- TASK OBJECTIVE: For this exercise, copy exactly the lines below from the one with "引っ越しの荷造り中の男性とマ" through the one with "Back view of" and leave out the pictures.

- DATASET EXTRACT:
──────
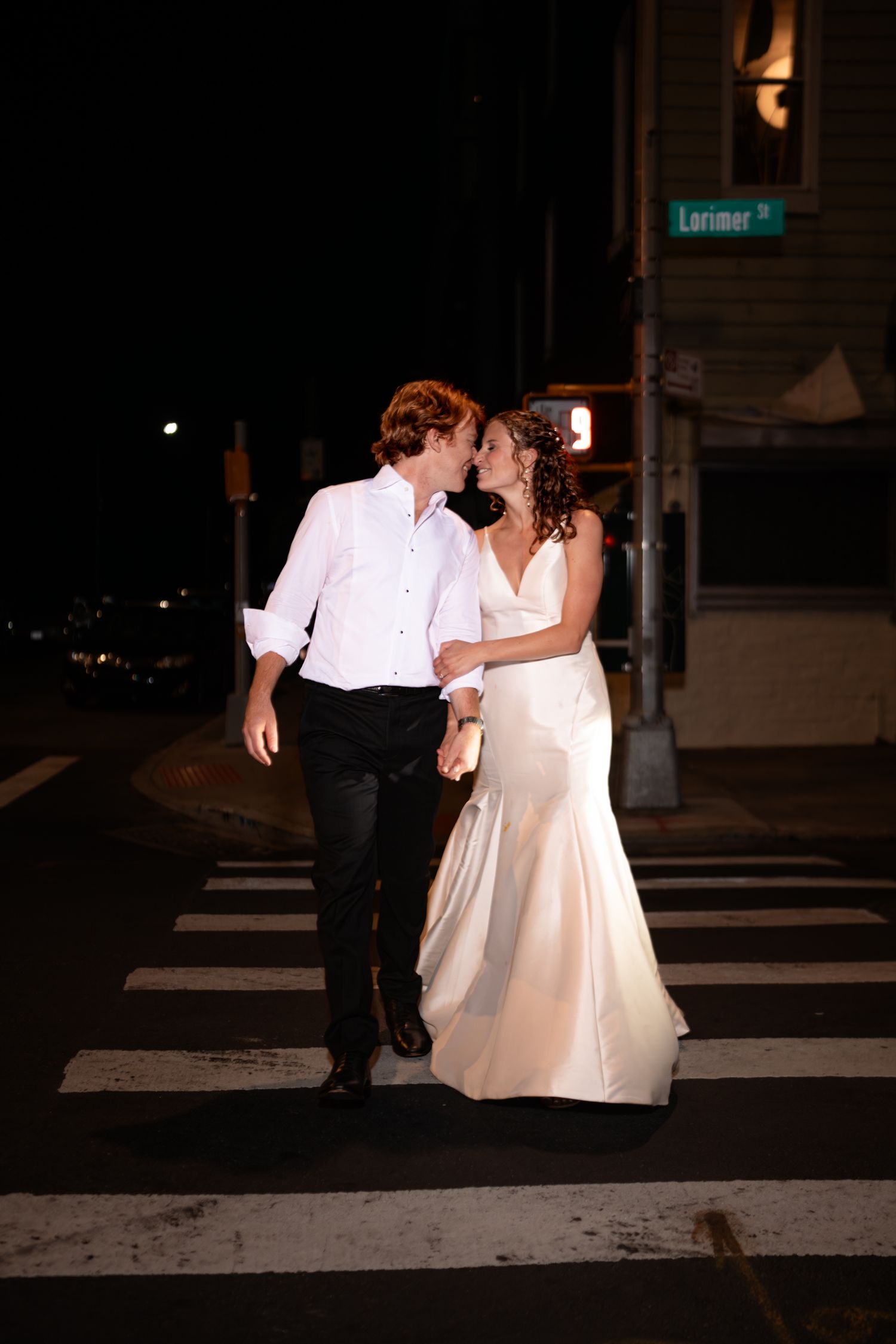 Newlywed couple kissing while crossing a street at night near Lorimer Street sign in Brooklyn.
──────
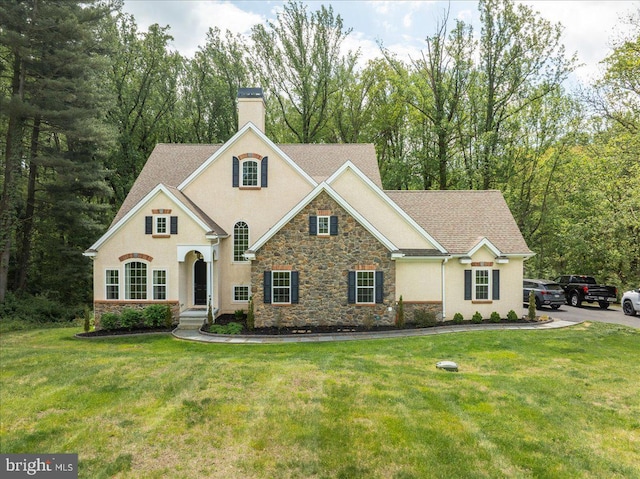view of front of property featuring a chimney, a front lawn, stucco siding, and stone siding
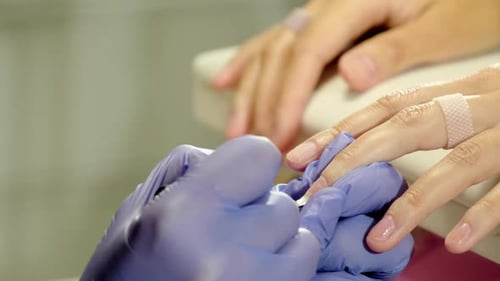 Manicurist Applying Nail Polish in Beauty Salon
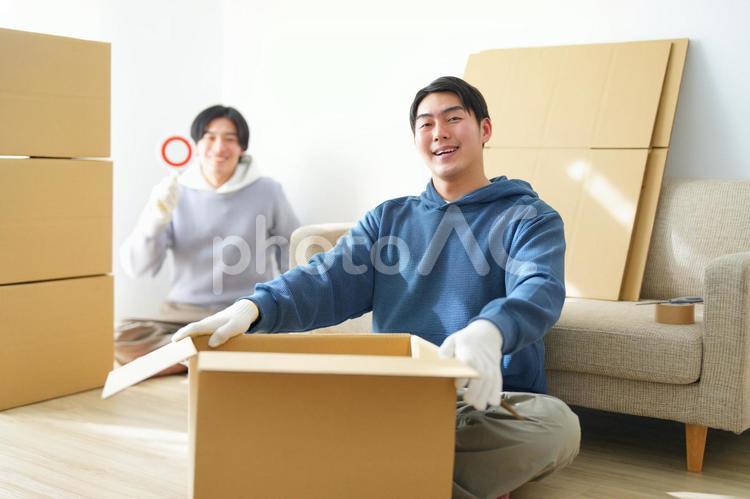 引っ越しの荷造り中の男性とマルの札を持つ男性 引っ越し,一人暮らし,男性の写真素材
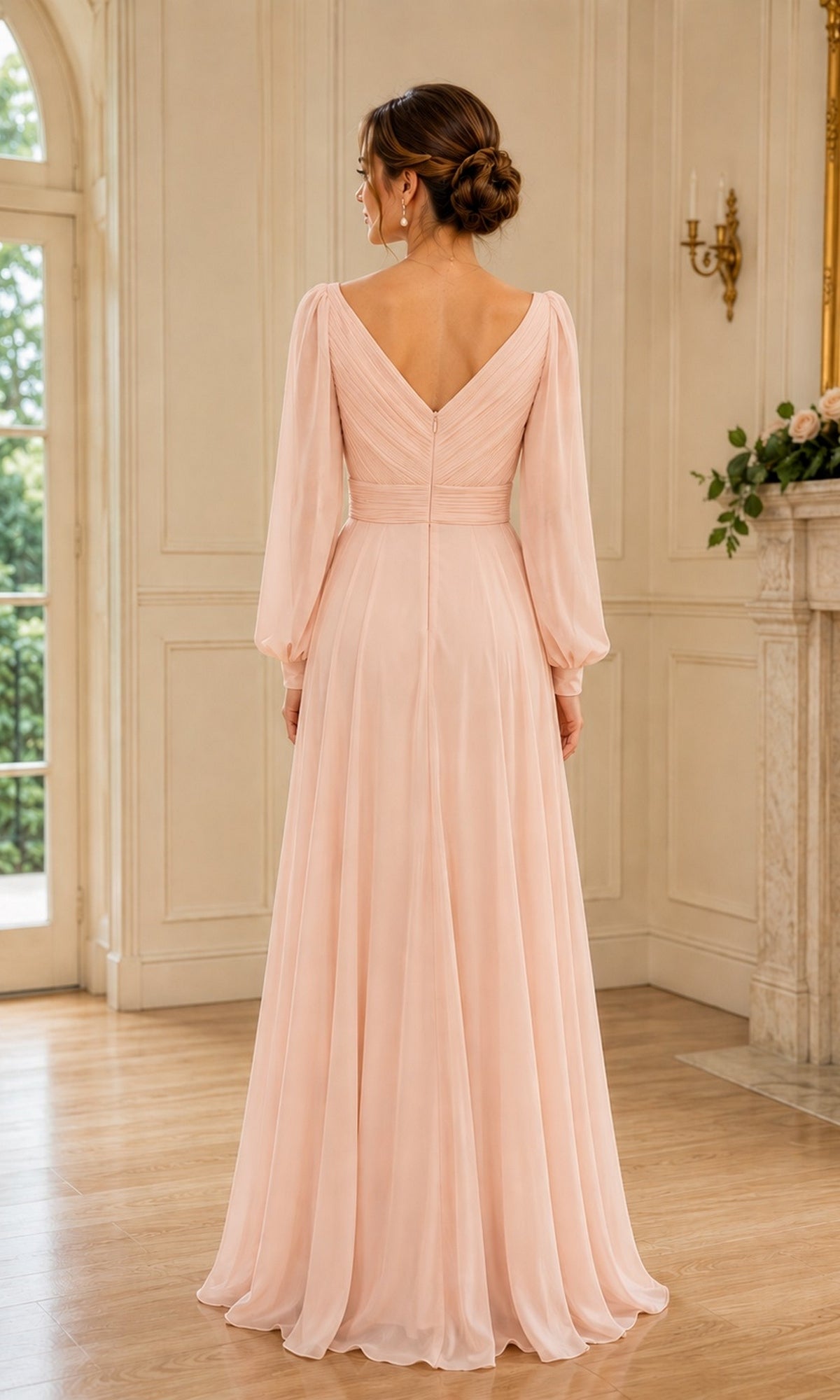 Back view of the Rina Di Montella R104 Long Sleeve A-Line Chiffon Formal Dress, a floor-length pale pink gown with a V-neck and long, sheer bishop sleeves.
──────
- OUTPUT OF THE EXERCISE:
 引っ越しの荷造り中の男性とマルの札を持つ男性 引っ越し,一人暮らし,男性の写真素材
 Back view of the Rina Di Montella R104 Long Sleeve A-Line Chiffon Formal Dress, a floor-length pale pink gown with a V-neck and long, sheer bishop sleeves.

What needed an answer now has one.